Commuter Rail Feasibility Report Released
Public invited to comment on study results and options for moving the region forward
DURHAM, North Carolina – GoTriangle, the region’s transit authority, seeks to provide the results of the Greater Triangle Commuter Rail Feasibility study to the public and gain input on options for a future commuter rail service identified in the report released, today. The agency is launching a public feedback campaign that includes online surveys, community meetings and public forums in Durham, Cary, Raleigh and Clayton, areas through which the system would run. The proposed Greater Triangle Commuter Rail would help provide a congestion free transportation opportunity and serve a region slated to grow by more than a million people and a corresponding 1 million cars in the next 30 years.
The commuter rail project includes passenger service at 15 stations along approximately 43 miles of existing North Carolina Railroad corridor between West Durham and Clayton. The study found that the proposed corridor is well placed to serve affordable housing, future land use and travel markets.
“I want to congratulate our staff, transit partners, Triangle J Council of Government and our consultants on a job well done,” said GoTriangle President and CEO Charles Lattuca. “The strategic thinking, planning, engineering and financial analysis, public outreach and coordination with our partners was outstanding and gives our elected leaders the information they need to make decisions about our transit future.”
The feasibility study report shows:
- The region’s population is projected to grow by a little over a million people between 2020 and 2050, bringing about a million more owned vehicles to the region.
- More than 800,000 new jobs are coming to the Triangle region by 2050, and 45 percent are projected to be in or near the proposed commuter rail corridor.
- A robust commuter rail system can provide 12,000 to 18,000 trips each day and help relieve some of the projected traffic congestion.

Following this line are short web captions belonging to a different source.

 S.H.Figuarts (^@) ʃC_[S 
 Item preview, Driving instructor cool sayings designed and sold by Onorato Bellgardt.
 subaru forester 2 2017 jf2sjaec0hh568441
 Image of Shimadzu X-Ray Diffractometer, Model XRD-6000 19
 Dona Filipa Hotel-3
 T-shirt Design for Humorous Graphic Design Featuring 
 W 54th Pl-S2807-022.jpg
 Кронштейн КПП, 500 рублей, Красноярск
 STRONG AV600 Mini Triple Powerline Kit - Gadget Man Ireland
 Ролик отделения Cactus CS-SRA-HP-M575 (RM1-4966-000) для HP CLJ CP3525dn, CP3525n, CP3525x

- Significant investment in new rail infrastructure will be required to support the capacity needed for commuter service, freight service and intercity passenger service and to avoid conflicts with passenger and freight trains already operating in the corridor.
- The cost of building a new commuter rail system to serve the entire region is challenging and could be as much as $3.2 billion in the year of expenditure.
The results of the Greater Triangle Commuter Rail feasibility study provide options for implementation of regional passenger rail service. Due to the high cost and technical challenges associated with delivering the full project at once, the study considered phases for staged implementation in the eastern, central, and western portions of the corridor. With costs varying for each, the three portions include:
- Eastern portion: Implementing service from the Auburn Station in Garner to Raleigh Union Station
- Central portion: Implementing service from the Raleigh Union Station to the Ellis Road Station
- Western portion: Implementing service from the RTP Station to the West Durham Station
Out of the three phases, the western phase has considerable challenges associated with construction including higher cost and a longer implementation time frame. Due to the challenges associated the western phase is being considered for a later stage of implementation.
The next step in determining the implementation stages is hearing from the public. Local leaders need input on which portion of the project should be considered as the first segment built. Once an initial phase is selected, planning for the second phase will occur. The second phase is planned to begin operations roughly five years after the initial phase begins service.
The feasibility study and survey can be found at readyforrailnc.com/feasibility.